She used such
phrases of the gipsy jargon as she had picked up, and made jokes and
bantering speeches which set their host cackling with laughter. Osmonde
had seen her play a fantastic part before on their whimsical holidays,
but never one which suited her so well, and in which she seemed so full
of fire and daring wit. She was no Duchess, a man might have sworn, but
a tall, splendid, black-eyed laughing gipsy woman, who, to the man who
was her partner, would be a fortune every day, and a fortune not of
luck alone, but of gay spirit and bravery and light-hearted love.
That night the moon shone white and clear, and in the mid hours my lord
Duke waked from his sleep suddenly, and saw the brightness streaming
full through the oriel window, and in the fair flood of it his love's
white figure kneeling.
"Gerald," she cried, clinging to him when he went to her. "'Twas I
awaked you. I called, though I did not speak."
"I heard, as I should hear if I lay dead," he answered low.

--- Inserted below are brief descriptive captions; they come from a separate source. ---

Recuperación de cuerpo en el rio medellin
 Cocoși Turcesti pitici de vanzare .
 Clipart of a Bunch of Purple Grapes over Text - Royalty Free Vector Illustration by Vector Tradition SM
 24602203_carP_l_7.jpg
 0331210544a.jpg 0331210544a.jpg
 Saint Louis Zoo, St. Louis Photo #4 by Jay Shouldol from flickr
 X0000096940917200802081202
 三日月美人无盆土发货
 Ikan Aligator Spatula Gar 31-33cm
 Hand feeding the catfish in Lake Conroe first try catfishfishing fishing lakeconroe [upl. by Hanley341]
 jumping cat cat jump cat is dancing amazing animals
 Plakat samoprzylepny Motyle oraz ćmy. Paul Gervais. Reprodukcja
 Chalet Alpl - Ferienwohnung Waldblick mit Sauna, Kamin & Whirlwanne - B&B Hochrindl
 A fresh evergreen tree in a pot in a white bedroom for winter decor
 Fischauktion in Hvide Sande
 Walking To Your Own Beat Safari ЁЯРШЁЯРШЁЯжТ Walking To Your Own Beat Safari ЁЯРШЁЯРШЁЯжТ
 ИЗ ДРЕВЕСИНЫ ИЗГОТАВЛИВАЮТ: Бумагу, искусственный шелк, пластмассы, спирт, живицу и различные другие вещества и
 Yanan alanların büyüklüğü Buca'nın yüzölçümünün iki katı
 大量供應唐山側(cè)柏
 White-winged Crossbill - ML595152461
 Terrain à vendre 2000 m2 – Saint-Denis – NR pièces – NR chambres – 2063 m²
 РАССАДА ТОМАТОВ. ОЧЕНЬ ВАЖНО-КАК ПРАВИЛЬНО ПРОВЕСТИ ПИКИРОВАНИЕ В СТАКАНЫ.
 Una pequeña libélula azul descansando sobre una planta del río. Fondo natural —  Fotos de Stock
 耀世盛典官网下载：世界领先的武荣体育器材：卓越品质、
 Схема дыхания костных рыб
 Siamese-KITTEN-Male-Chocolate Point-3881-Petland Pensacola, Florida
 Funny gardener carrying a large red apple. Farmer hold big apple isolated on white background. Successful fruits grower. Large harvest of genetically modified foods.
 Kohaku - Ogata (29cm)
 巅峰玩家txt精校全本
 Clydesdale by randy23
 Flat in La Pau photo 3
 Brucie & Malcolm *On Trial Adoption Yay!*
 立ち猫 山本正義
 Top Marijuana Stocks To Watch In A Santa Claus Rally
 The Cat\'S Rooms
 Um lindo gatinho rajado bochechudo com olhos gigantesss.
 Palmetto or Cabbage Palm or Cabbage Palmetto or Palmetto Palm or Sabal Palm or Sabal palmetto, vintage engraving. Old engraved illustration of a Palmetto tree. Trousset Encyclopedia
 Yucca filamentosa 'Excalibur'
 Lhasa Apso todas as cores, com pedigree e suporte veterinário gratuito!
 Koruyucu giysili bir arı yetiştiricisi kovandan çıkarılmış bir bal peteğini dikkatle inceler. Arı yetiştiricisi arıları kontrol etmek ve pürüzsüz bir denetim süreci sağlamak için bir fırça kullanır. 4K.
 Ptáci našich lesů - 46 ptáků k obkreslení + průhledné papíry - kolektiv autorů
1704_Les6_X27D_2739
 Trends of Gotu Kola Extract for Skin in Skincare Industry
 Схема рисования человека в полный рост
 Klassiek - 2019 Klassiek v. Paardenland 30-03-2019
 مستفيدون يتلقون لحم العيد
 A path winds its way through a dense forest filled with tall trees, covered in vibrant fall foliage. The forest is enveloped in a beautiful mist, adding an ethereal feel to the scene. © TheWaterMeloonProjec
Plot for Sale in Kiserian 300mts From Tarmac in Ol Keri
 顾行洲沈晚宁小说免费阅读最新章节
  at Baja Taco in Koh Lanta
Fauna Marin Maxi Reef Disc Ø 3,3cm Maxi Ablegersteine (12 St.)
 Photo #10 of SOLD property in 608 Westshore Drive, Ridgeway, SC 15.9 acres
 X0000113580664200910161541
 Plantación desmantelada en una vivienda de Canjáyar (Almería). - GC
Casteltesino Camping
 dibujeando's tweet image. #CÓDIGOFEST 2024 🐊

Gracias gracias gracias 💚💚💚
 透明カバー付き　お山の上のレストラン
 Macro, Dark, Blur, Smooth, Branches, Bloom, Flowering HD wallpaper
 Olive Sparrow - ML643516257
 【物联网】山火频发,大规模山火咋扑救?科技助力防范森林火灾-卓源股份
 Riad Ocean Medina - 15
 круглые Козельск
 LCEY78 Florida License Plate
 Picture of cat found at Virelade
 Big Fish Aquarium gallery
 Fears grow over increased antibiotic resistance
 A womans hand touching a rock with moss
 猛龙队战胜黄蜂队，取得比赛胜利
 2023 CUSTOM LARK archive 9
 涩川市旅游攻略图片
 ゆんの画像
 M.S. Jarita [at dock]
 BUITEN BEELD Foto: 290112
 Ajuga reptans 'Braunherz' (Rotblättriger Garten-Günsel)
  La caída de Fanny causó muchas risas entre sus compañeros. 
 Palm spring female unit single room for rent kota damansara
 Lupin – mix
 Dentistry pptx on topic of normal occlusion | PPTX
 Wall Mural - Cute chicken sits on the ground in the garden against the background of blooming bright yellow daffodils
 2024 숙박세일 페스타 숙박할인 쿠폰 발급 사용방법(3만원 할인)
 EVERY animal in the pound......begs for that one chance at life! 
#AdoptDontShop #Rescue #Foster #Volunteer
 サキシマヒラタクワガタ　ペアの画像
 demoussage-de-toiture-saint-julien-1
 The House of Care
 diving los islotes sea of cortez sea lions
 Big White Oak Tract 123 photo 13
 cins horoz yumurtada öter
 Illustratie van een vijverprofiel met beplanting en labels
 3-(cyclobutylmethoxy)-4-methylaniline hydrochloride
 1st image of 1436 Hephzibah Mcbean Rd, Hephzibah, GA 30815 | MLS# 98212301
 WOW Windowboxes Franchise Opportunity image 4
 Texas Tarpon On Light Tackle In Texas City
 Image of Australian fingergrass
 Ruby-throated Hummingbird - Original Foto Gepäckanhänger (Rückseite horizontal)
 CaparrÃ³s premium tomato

Her hair was all unbound for the night--her black, wondrous hair which
he so loved--and from its billowy cloud her face looked at him wild and
white, her mouth quivering.
"Gerald," she said, "look out with me."
Together they looked forth from the wide window into the beauty of the
night, up into the great vault of Heaven, where the large silver moon
sailed in the blue, the stars shining faintly before her soft
brilliance.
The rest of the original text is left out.